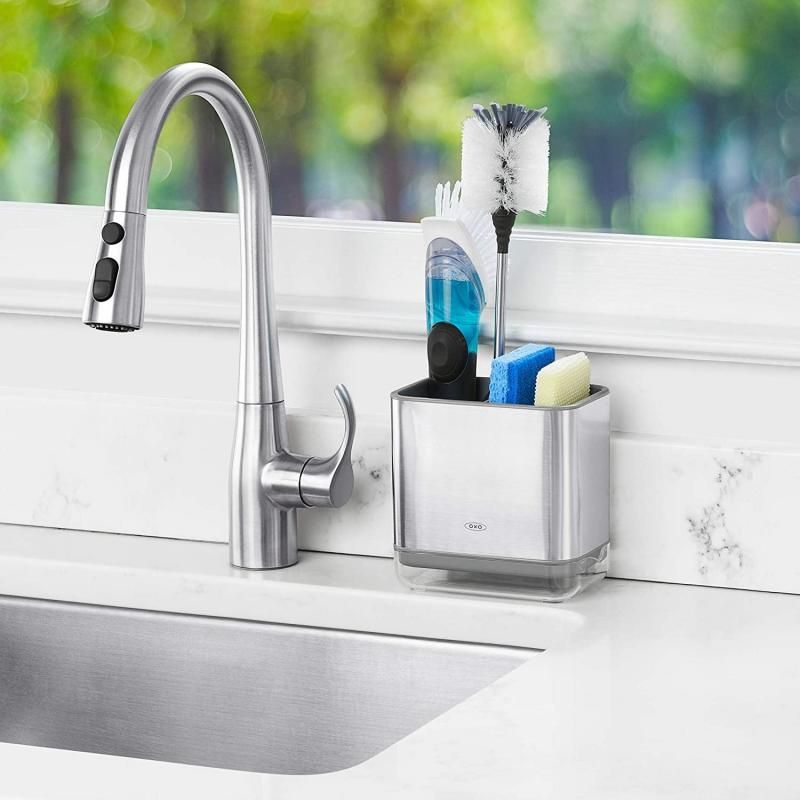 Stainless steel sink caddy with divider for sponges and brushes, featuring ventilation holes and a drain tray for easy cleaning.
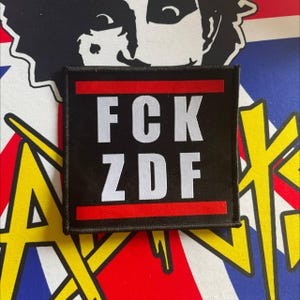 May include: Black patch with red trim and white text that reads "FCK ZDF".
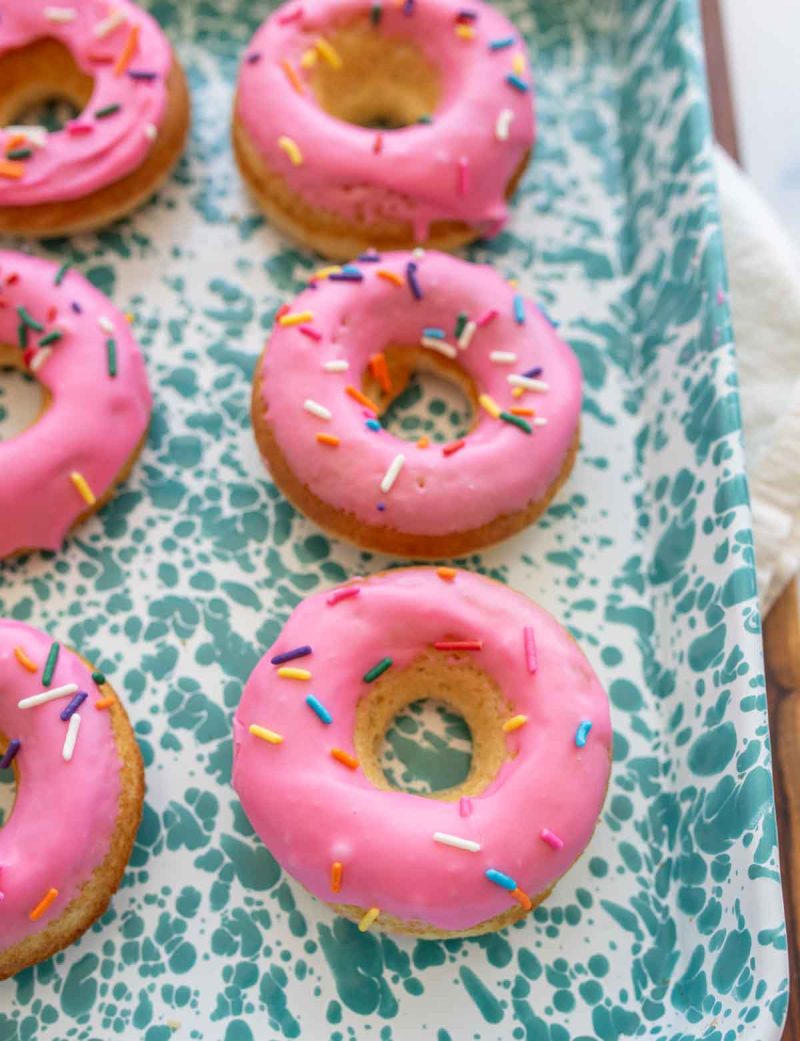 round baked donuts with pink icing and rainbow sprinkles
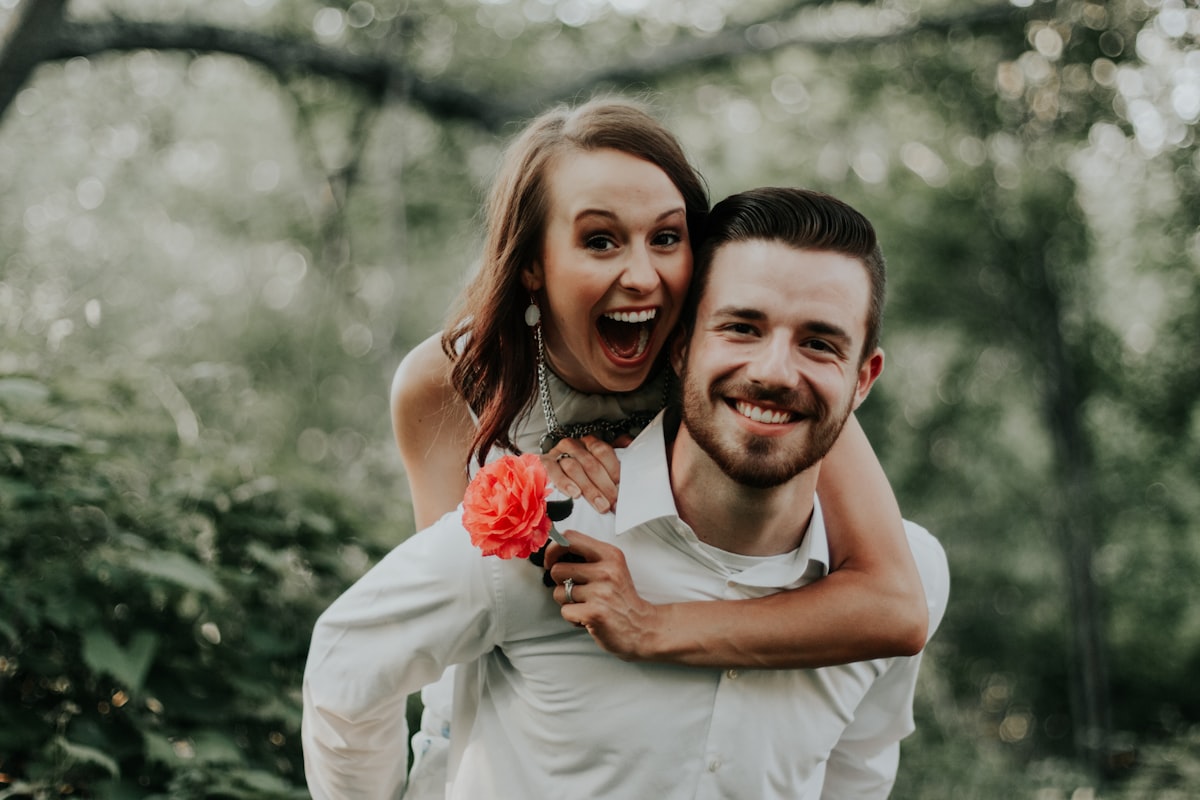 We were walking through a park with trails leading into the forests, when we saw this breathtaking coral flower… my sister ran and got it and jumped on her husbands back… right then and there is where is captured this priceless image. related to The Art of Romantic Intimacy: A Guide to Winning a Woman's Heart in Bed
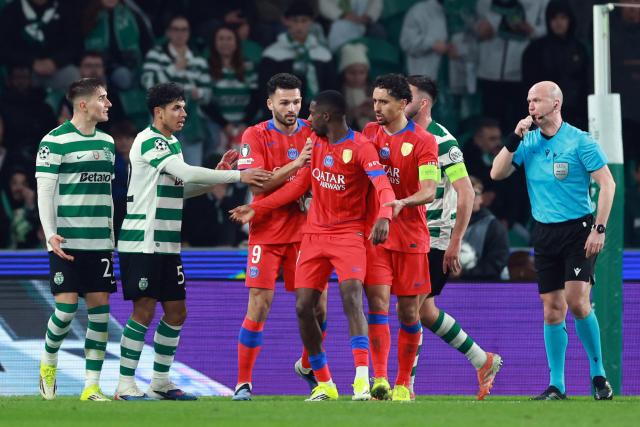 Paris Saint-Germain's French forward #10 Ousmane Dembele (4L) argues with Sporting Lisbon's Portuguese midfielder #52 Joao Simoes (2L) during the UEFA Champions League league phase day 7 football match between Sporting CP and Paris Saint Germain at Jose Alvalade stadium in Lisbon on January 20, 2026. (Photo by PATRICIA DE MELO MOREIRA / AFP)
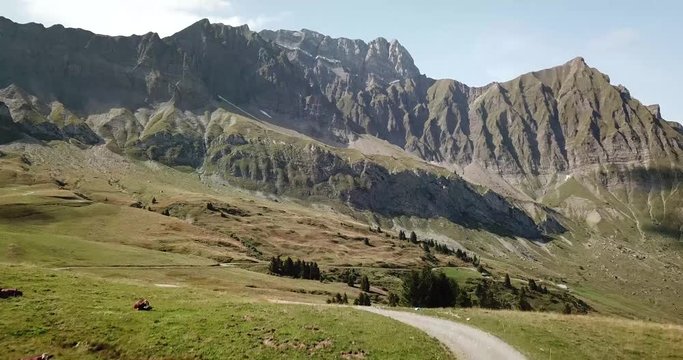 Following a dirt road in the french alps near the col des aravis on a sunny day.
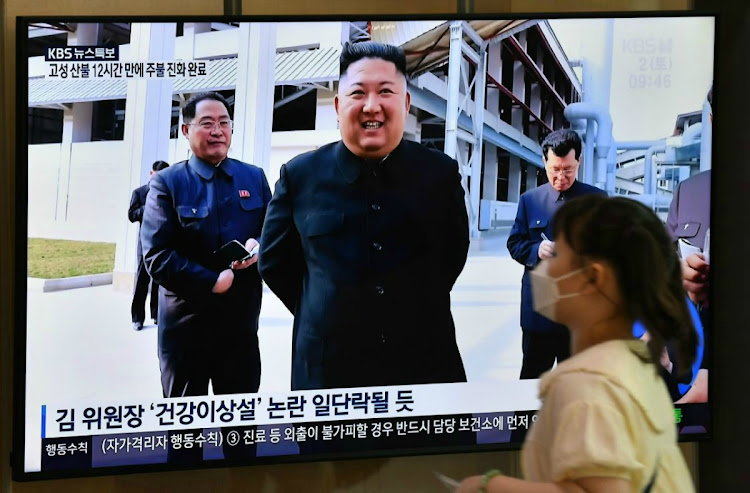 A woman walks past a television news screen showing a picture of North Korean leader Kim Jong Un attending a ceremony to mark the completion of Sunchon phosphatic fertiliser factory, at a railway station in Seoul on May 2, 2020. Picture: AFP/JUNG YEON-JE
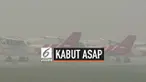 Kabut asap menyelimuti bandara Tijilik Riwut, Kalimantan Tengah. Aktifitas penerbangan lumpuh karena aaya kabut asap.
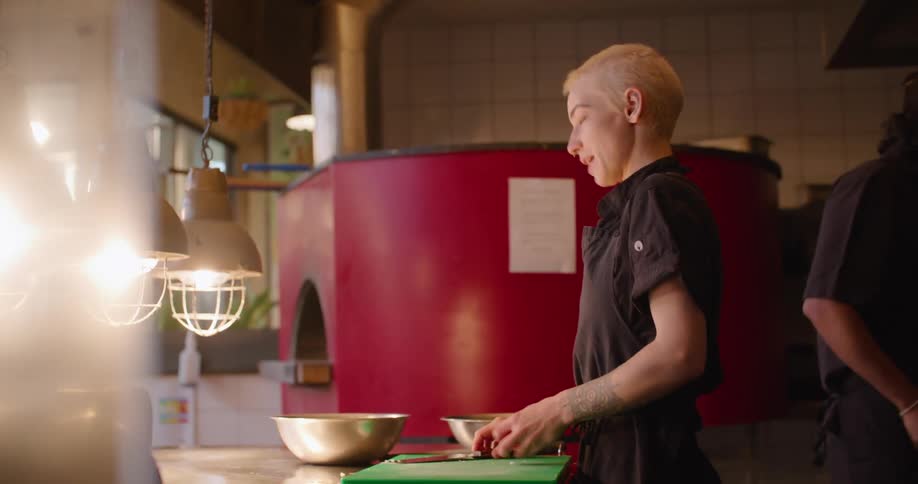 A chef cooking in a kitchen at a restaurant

- - - - -

EXERCISE DETAILS:
Would you set down only the lines above from the line with "May include: Black" to the line with "We were walking", both included, exactly as they stand and without the pictures?

ANSWER BOX:
 May include: Black patch with red trim and white text that reads "FCK ZDF".
 round baked donuts with pink icing and rainbow sprinkles
 We were walking through a park with trails leading into the forests, when we saw this breathtaking coral flower… my sister ran and got it and jumped on her husbands back… right then and there is where is captured this priceless image. related to The Art of Romantic Intimacy: A Guide to Winning a Woman's Heart in Bed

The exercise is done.